Captioned web image data:
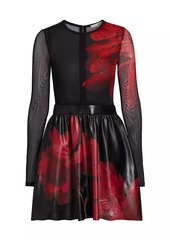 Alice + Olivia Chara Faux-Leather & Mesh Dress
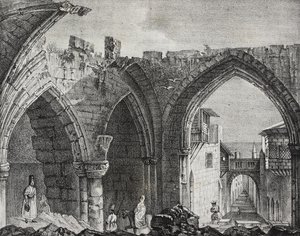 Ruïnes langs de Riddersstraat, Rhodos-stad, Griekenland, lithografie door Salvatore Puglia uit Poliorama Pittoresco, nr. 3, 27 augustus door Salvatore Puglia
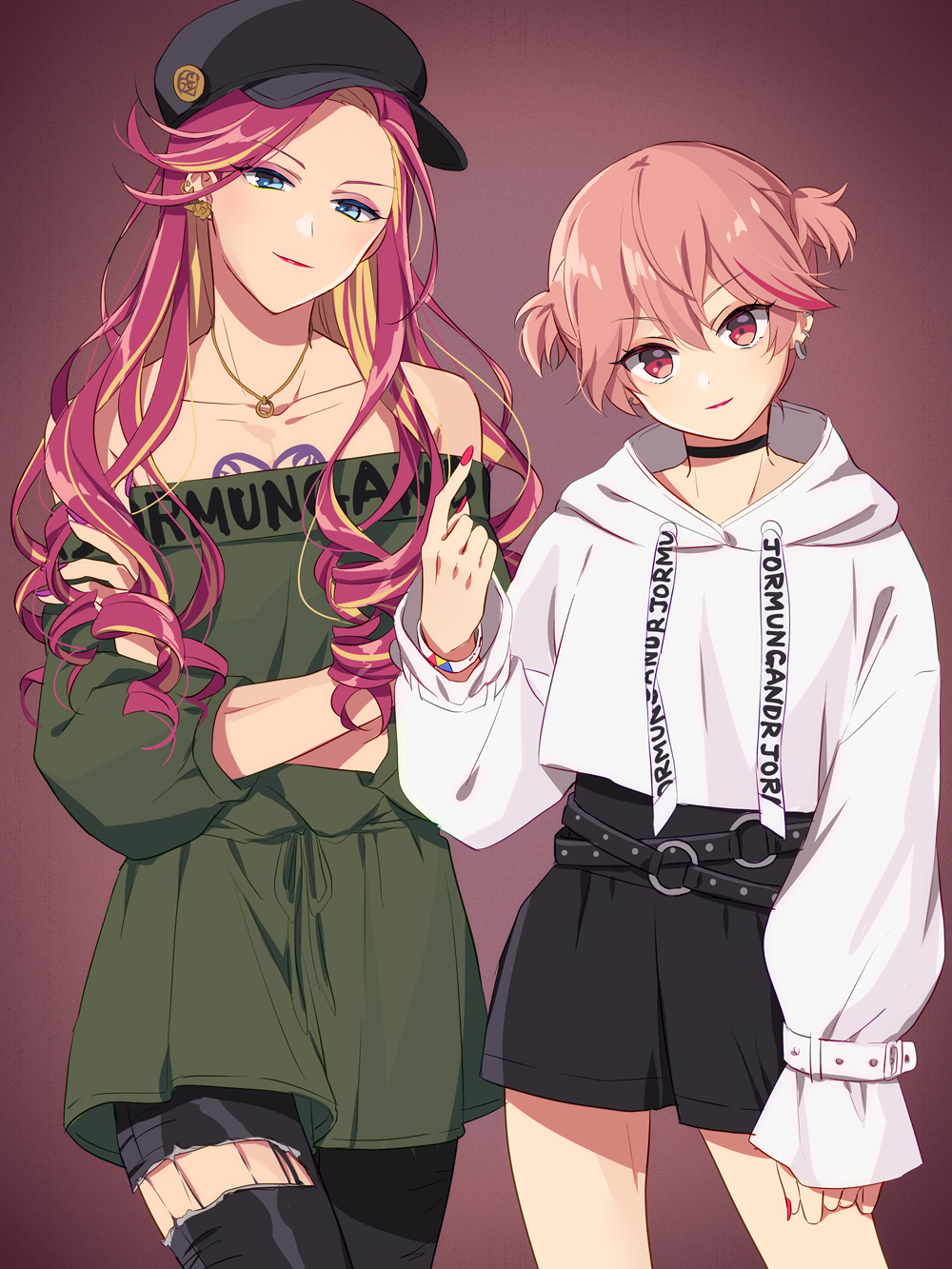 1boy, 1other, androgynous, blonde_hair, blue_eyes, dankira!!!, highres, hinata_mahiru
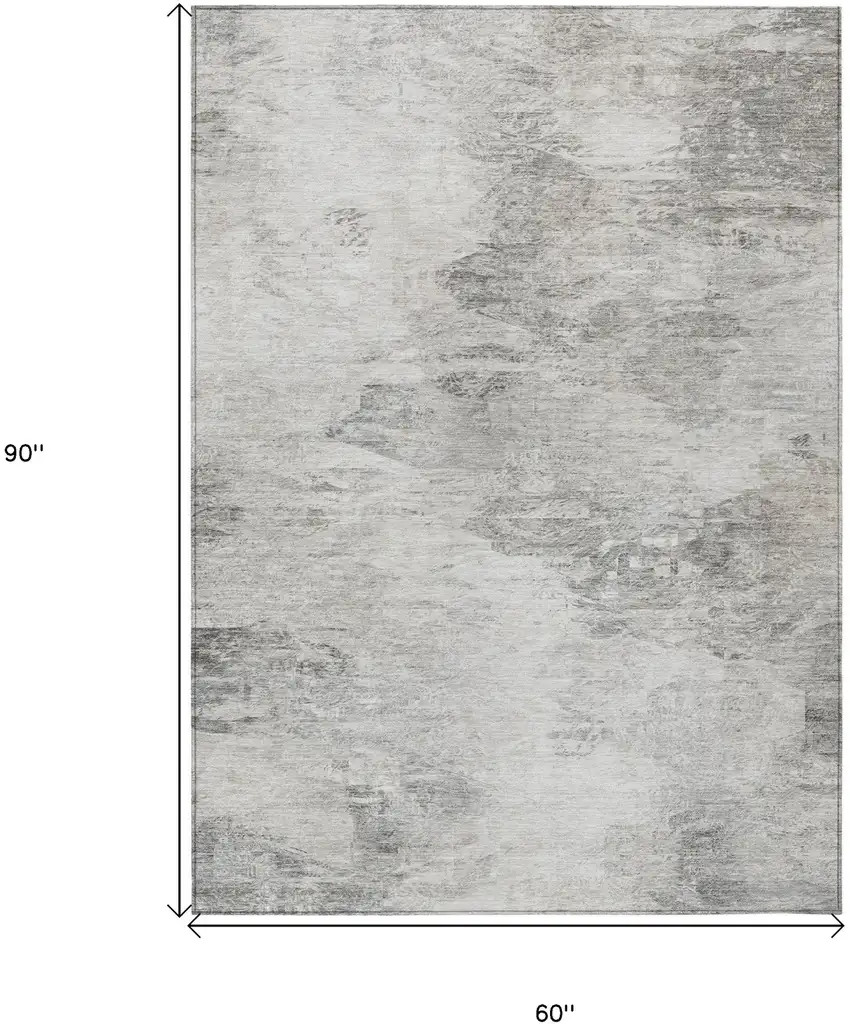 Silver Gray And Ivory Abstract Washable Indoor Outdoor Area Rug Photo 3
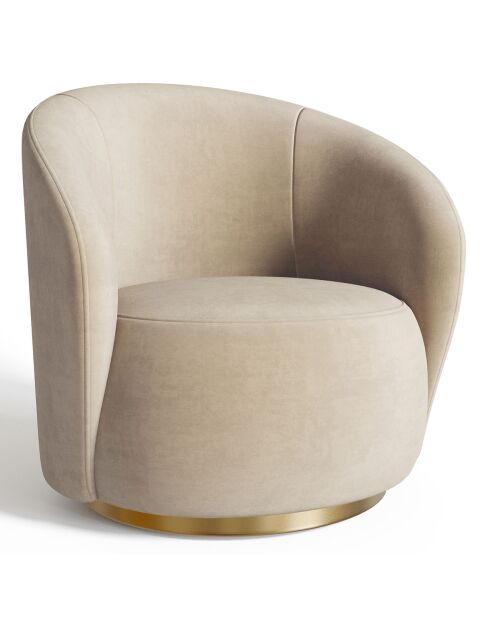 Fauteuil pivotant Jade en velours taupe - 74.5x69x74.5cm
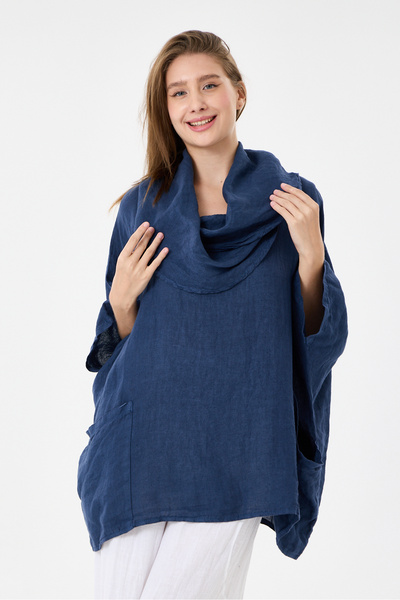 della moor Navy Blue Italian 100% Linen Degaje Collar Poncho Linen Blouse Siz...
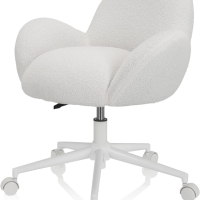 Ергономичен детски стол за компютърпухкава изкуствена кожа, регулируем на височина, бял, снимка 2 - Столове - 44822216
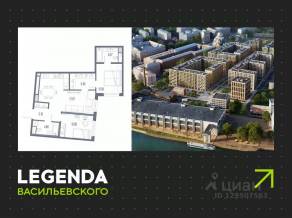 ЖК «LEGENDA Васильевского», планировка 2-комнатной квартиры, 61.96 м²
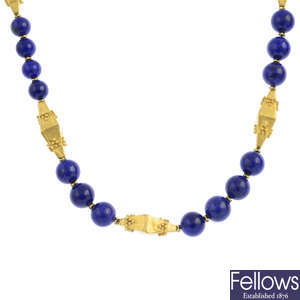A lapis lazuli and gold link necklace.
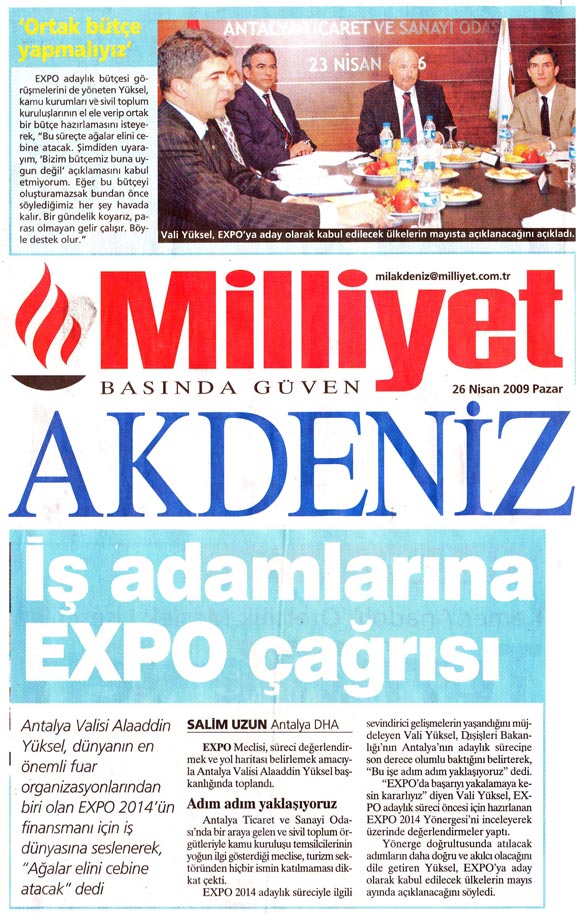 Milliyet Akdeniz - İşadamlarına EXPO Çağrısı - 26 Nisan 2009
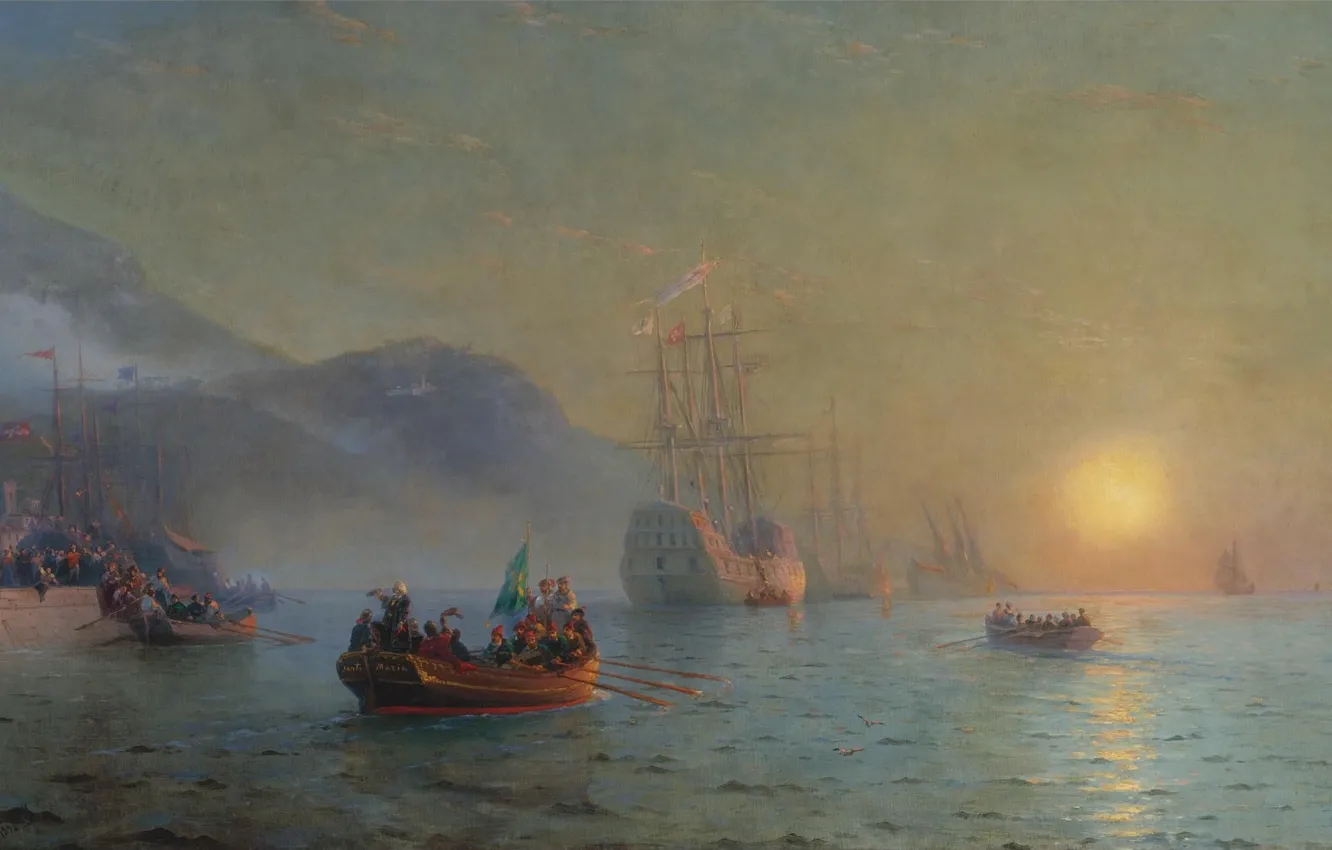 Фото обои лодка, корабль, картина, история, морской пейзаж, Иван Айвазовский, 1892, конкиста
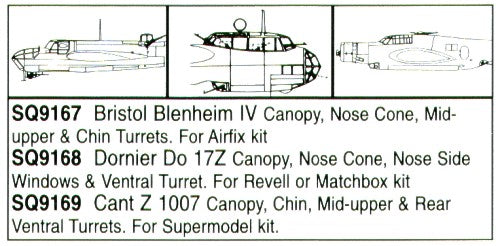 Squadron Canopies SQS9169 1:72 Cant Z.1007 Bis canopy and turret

WORK INSTRUCTION: Output, exactly and without pictures, the span of lines that starts at the line containing "Фото обои лодка, корабль, картина, история, морской" and ends at the last line above.

TASK ANSWER:
 Фото обои лодка, корабль, картина, история, морской пейзаж, Иван Айвазовский, 1892, конкиста
 Squadron Canopies SQS9169 1:72 Cant Z.1007 Bis canopy and turret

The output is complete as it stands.